## Introduction

##### This is an example for the users who want to do their own Preprocess step and already has a Seurat Project data available for Selection step. In this example, a seurat project object is firstly loaded and then the features are screened . You can customize the feature screen step and choose the ones you are interested. Then the required 10x format of data is saved for the Selection step in cellMarkerPipe

## Methods

### Step 0: load libraries

In [1]:
# import libraries
library(Seurat)

The legacy packages maptools, rgdal, and rgeos, underpinning the sp package,
which was just loaded, were retired in October 2023.
Please refer to R-spatial evolution reports for details, especially
https://r-spatial.org/r/2023/05/15/evolution4.html.
It may be desirable to make the sf package available;
package maintainers should consider adding sf to Suggests:.

Attaching SeuratObject



library(dplyr)
library(patchwork)
library(ggplot2)
library(DropletUtils)

### Step 1: load seurat project data

In [2]:
# the work directory (work.dir)
work.dir = "/work/sabirianov/yinglu/test/cellmaker-rev"
# The data directory (data.dir) where your save the seurat project object
data.dir = "/work/sabirianov/yinglu/software/cellMarkerPipe/data/Zeisel/10x"

In [18]:
# keep this data saving directory so that the Selection step in cellMarkerPipe is able to find it
Wdata.dir <- file.path(work.dir, "data")
dir.create(Wdata.dir)

“'/work/sabirianov/yinglu/test/cellmaker-rev/data' already exists”


In [3]:
zeisel <- readRDS(file =file.path(data.dir, "/seurat.rds"))

In [4]:
zeisel

An object of class Seurat 
4998 features across 2989 samples within 1 assay 
Active assay: RNA (4998 features, 2000 variable features)
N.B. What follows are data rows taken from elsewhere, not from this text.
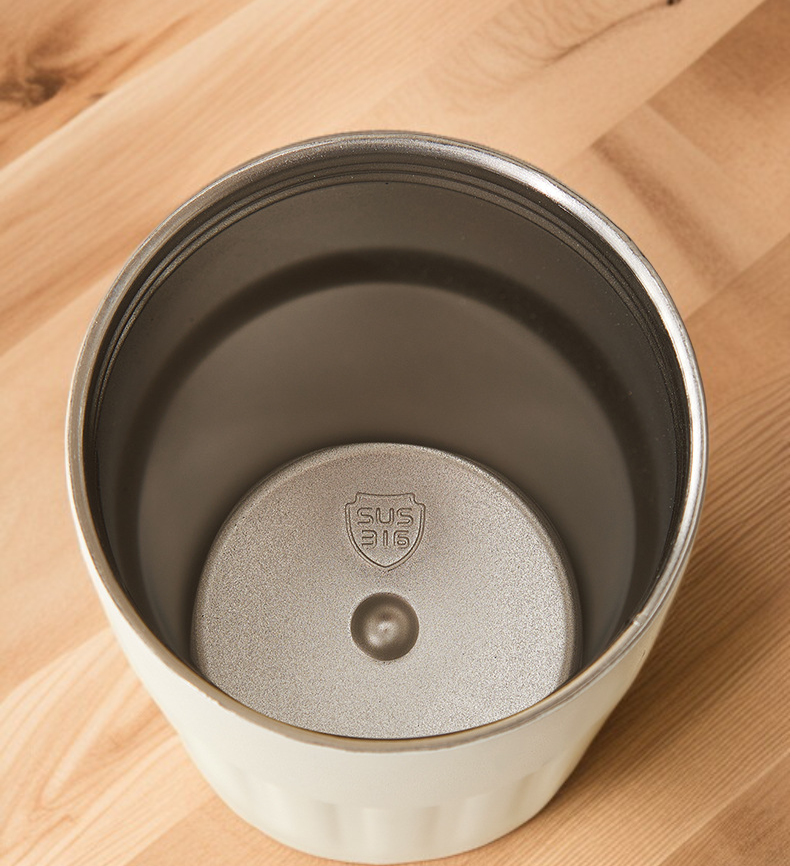 뜨거운 음료도 안전하게 보관하는 보온 기능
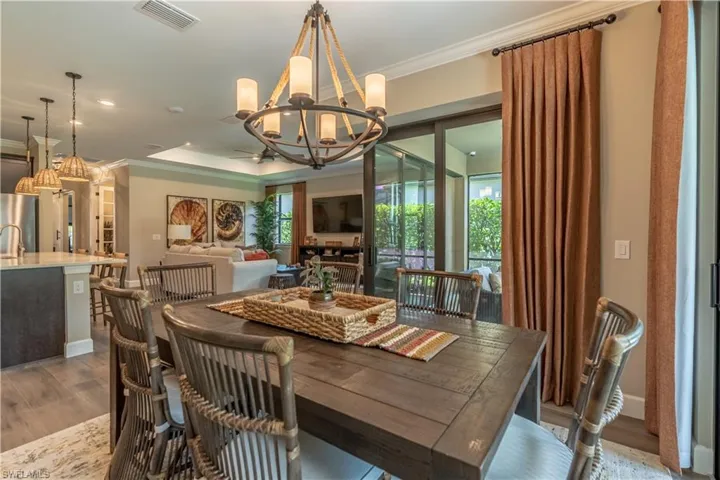 6870  Winding Cypress  DR, Naples, FL 34114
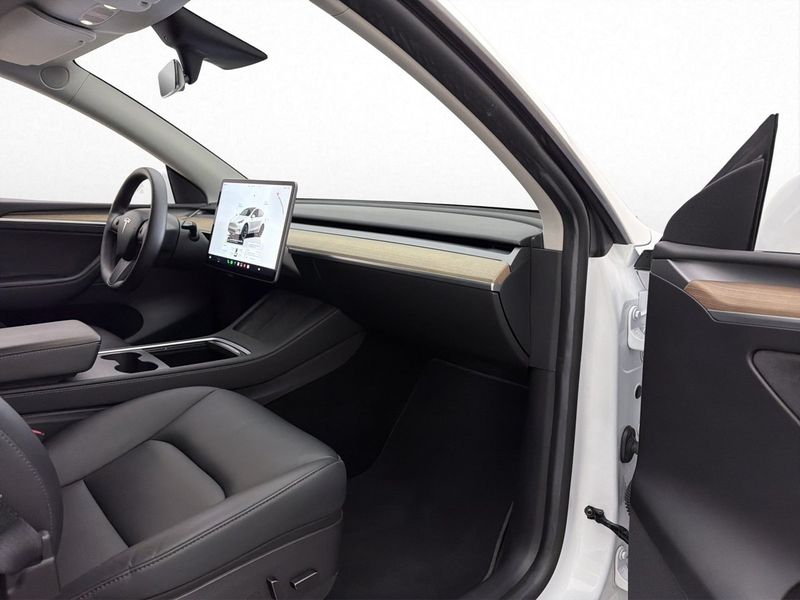 Tesla Model Y bild 16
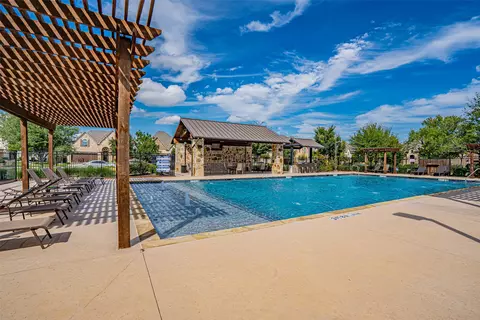 Exterior - 803 Red Maple Rd, Euless, TX 76039 photo 3 of 4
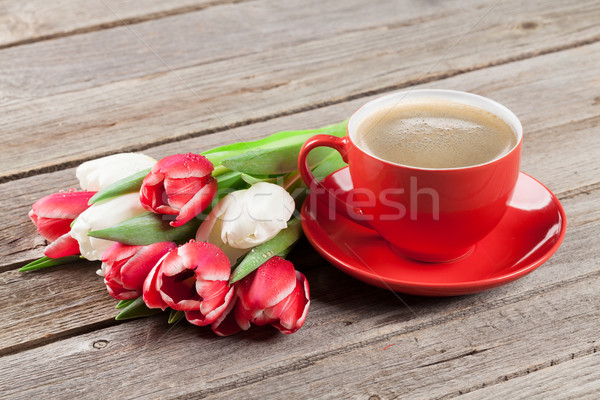 Foto d'archivio: Colorato · tulipani · bouquet · tazza · di · caffè · legno · rosso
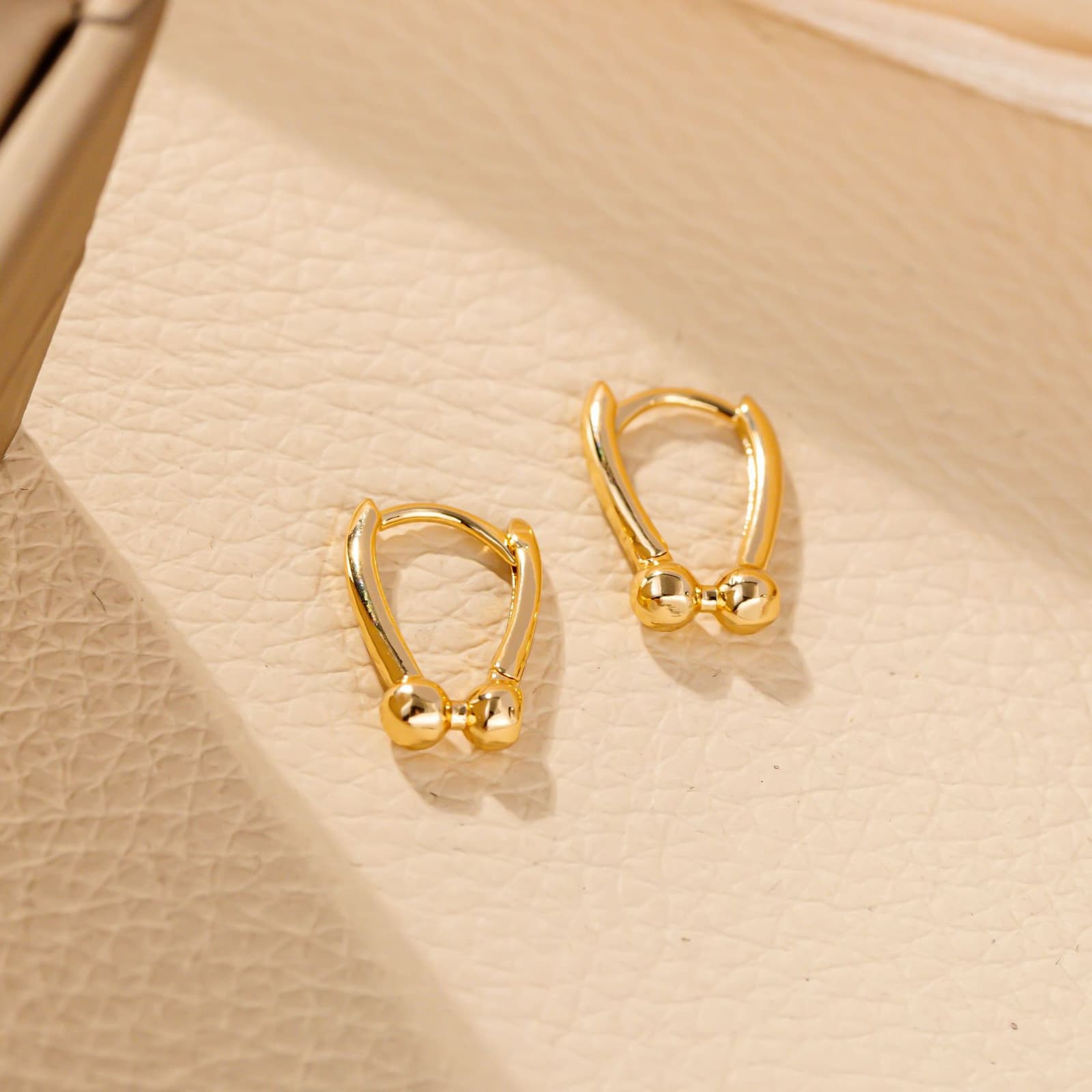Aretes de herradura desmontables en forma de U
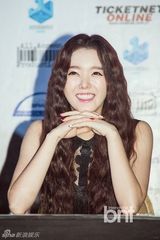 组图：EXO学院风亮相马尼拉记者会 SHINee时尚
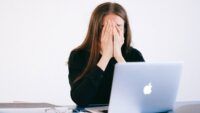 чому ми відчуваємо сором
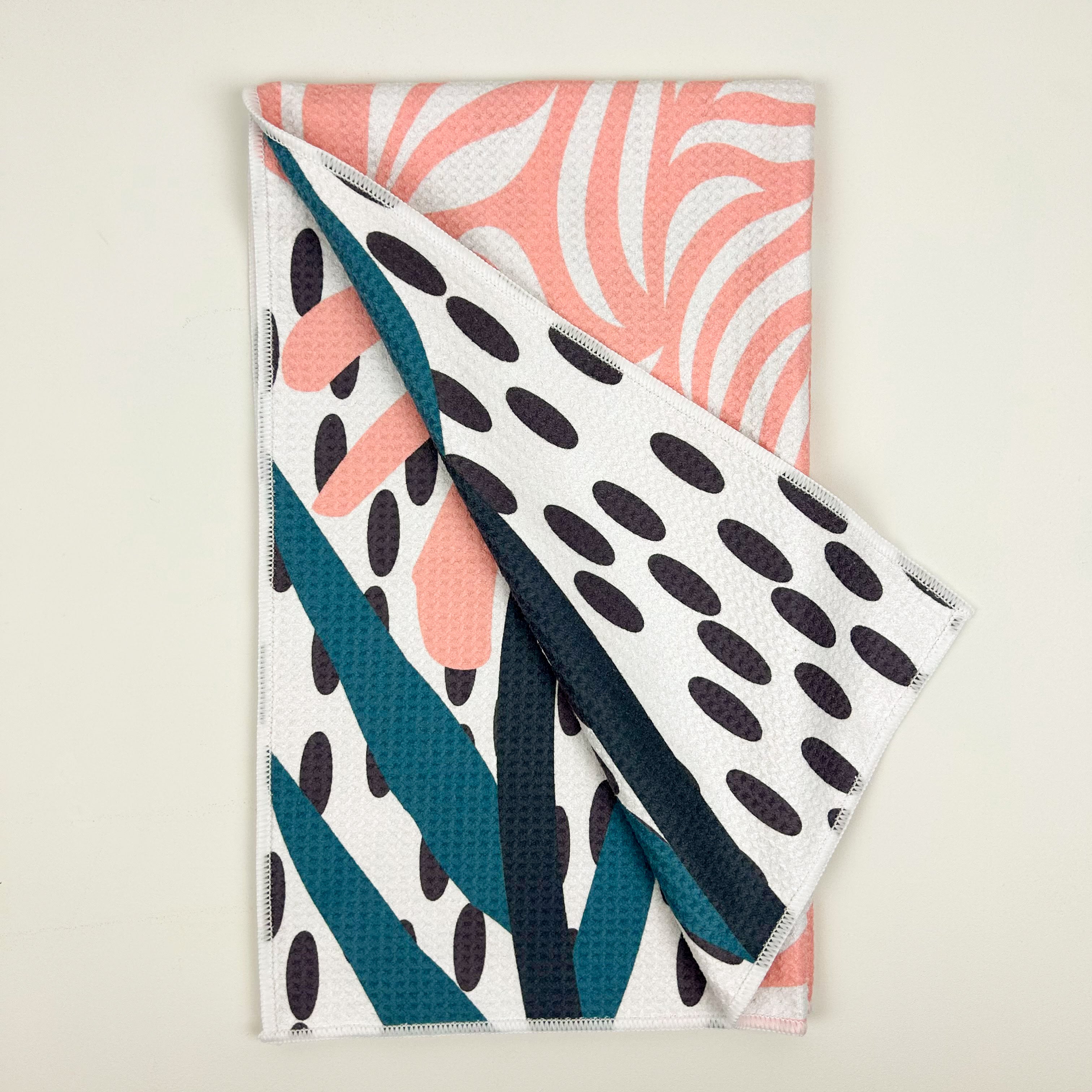 Black and white polka dot hand towels deals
### Step 2: screen the features you want to perform down-stream calculation

In [9]:
# n.variable save the number of high variable genes you want to save for Selection step
n.variable <- 2000
print("Find High Variable Features...")
zeisel <- FindVariableFeatures(zeisel, selection.method = "vst", nfeatures = n.variable)
mat_keep_rows <- head(VariableFeatures(object = zeisel),n.variable)
print("The number of high variable genes used:")
print(length(mat_keep_rows))

[1] "Find High Variable Features..."
[1] "The number of high variable genes used:"
[1] 2000


### Step 3: save the count matrix of the selected features

In [15]:
mat <- GetAssayData(object = zeisel, slot = 'counts')
mat_subset <- mat[rownames(mat) %in% mat_keep_rows, ]

print("The dimension of the selected matrix is:")
print(dim(mat_subset))
print("Save the counts of high variables")
start_time <- Sys.time()
write.table(mat_subset,file = file.path(Wdata.dir, "counts_high_variable.csv"),sep="\t") # keeps the rownames
end_time <- Sys.time()
print("time used:")
print(end_time - start_time)

print("Obtained High Variable Features!")

[1] "The dimension of the selected matrix is:"
[1] 2000 2989
[1] "Save the counts of high variables"
[1] "time used:"
Time difference of 4.658097 secs
[1] "Obtained High Variable Features!"